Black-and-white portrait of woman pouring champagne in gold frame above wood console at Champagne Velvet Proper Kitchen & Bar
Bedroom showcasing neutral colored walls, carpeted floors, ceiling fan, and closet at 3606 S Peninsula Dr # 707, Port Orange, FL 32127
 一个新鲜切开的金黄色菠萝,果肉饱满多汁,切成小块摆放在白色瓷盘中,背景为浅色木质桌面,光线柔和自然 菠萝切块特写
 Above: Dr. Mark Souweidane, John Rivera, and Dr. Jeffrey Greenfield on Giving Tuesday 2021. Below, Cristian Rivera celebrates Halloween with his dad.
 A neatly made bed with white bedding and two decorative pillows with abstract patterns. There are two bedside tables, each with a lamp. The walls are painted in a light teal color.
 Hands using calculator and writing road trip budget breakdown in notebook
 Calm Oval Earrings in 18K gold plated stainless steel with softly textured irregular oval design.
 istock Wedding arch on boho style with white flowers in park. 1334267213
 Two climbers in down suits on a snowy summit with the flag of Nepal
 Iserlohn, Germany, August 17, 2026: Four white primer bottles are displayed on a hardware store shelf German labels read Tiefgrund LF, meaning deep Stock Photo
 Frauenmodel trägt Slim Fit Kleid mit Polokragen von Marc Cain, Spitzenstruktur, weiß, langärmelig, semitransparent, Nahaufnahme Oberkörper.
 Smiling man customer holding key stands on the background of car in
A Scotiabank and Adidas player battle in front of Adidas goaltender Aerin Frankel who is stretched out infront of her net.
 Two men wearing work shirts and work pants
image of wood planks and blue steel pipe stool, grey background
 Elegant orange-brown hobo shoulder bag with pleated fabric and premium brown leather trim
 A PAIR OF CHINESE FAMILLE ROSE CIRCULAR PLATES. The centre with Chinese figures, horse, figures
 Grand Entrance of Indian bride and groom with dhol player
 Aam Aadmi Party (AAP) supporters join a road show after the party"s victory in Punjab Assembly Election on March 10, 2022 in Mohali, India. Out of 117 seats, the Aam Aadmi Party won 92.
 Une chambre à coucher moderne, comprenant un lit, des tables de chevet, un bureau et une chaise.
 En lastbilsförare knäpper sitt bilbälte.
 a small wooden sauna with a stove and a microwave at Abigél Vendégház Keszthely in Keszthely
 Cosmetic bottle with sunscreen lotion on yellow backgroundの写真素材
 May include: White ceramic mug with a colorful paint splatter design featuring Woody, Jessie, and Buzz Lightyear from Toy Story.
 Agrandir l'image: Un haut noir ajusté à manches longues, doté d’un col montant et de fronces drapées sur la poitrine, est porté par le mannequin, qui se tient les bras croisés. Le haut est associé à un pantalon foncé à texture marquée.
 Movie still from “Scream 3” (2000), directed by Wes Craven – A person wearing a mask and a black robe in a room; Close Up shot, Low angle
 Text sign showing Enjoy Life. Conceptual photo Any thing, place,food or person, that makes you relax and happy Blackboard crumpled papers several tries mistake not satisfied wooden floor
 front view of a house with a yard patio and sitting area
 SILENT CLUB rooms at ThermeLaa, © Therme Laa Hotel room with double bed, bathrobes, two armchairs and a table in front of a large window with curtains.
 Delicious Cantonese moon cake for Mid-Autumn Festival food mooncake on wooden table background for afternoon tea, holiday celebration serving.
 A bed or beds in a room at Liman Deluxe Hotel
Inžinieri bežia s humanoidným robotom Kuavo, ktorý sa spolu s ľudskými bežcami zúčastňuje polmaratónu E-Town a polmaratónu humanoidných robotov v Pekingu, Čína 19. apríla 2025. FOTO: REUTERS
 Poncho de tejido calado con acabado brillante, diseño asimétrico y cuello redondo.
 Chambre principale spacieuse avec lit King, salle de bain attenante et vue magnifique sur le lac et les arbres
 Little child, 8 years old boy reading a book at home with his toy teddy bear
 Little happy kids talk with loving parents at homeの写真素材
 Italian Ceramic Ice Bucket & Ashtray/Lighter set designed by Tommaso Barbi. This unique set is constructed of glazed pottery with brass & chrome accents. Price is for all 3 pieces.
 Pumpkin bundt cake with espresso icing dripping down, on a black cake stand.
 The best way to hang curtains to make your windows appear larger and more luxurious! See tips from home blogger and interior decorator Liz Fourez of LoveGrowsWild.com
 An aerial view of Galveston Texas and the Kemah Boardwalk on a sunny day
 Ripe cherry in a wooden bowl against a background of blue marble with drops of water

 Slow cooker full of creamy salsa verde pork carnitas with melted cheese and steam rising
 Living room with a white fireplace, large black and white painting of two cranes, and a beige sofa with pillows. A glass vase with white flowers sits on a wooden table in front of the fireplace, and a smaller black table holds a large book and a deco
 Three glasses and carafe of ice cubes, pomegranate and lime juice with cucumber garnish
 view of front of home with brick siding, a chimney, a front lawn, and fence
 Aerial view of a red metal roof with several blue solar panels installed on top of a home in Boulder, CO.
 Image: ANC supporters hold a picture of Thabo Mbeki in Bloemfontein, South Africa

_ _ _ _ _ _ _

* [WORK TASK]
Take each line of the material above that holds the string "happy" and copy it.

* [OUTPUT BELOW]
 Text sign showing Enjoy Life. Conceptual photo Any thing, place,food or person, that makes you relax and happy Blackboard crumpled papers several tries mistake not satisfied wooden floor
 Little happy kids talk with loving parents at homeの写真素材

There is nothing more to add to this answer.